A few months ago, John Sundell published a task based system that tickled me greatly. I immediately proceeded to forget about it until I got an Urge again to optimize my K-Means implementation. I tweaked his code to use my terminology and avoid rewriting everything where I used the concurrency stuff, as well as added a bunch of things I needed. Without further ado, here is some code and some comments.

Core feature: perform on queue

First, an alias that is inherited from the past and facilitates some operations further down the line:

public typealias constantFunction = (() throws -> ())

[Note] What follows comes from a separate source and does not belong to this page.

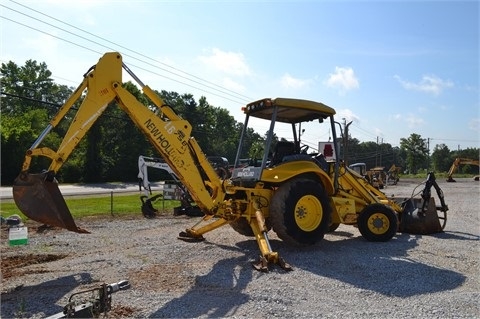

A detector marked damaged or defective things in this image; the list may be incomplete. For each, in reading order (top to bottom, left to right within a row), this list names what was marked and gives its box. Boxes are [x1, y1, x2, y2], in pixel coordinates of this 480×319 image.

rusty metal part [11, 172, 89, 235]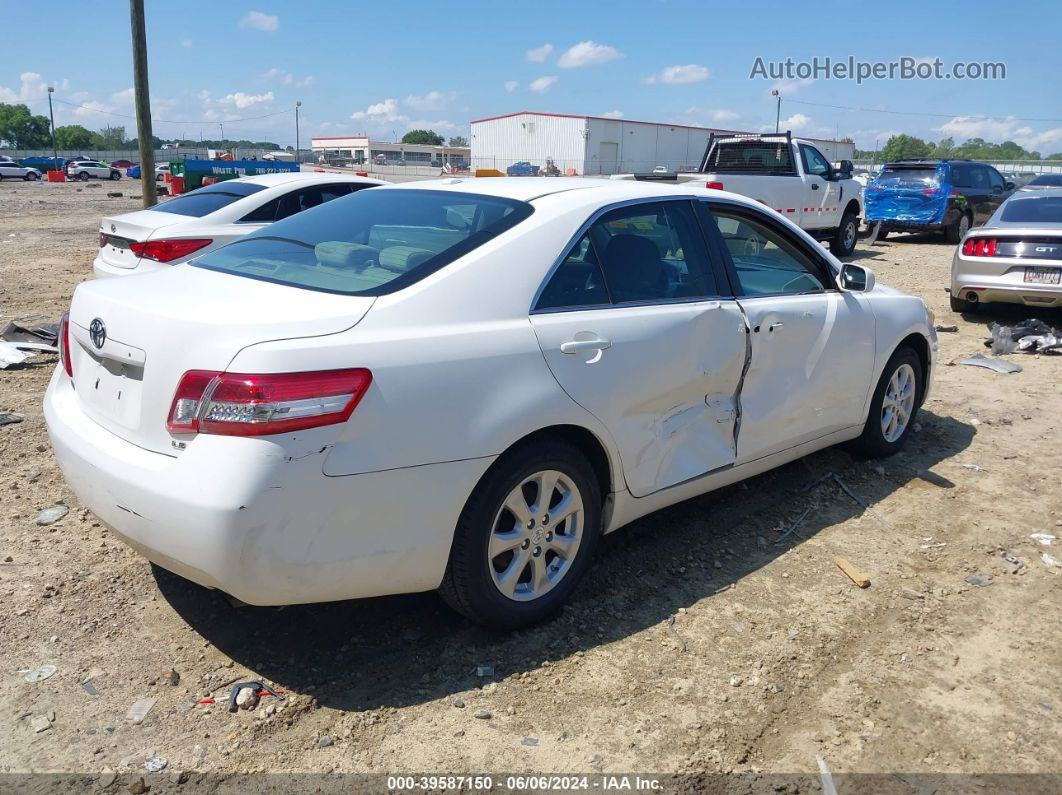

Then the main meat of the system: the Task class and ancillary utilities. My code was already fairly close from Sundell's, so I mostly adopted his style.

public class Task {
    // MARK: Ancillary stuff
    public enum TaskResult {
        case success
        case failure(Error)
    }
    
    public struct TaskManager {
        fileprivate let queue : DispatchQueue
        fileprivate let handler : (TaskResult) -> Void
        
        func finish() {
            handler(.success)
        }
        
        func fail(with error: Error) {
            handler(.failure(error))
        }
    }
    public typealias TaskFunction = (TaskManager) -> Void
    
    //MARK: Init
    private let closure: TaskFunction
    
    public init( _ closure: @escaping TaskFunction) {
        self.closure = closure
    }
    
    public convenience init(_ f: @escaping constantFunction) {
        self.init { manager in
            do {
                try f()
                manager.finish()
            } catch {
                manager.fail(with: error)
            }
        }
    }
    
    //MARK: Core
    public func perform(on queue: DispatchQueue = .global(),
                 handler: @escaping (TaskResult) -> Void) {
        queue.async {
            let manager = TaskManager(
                queue: queue,
                handler: handler
            )
            
            self.closure(manager)
        }
    }
}

In order to understand the gist of it, I really recommend reading the article, but in essence, it's "just" something that executes a function, then signals the manager that the task is complete.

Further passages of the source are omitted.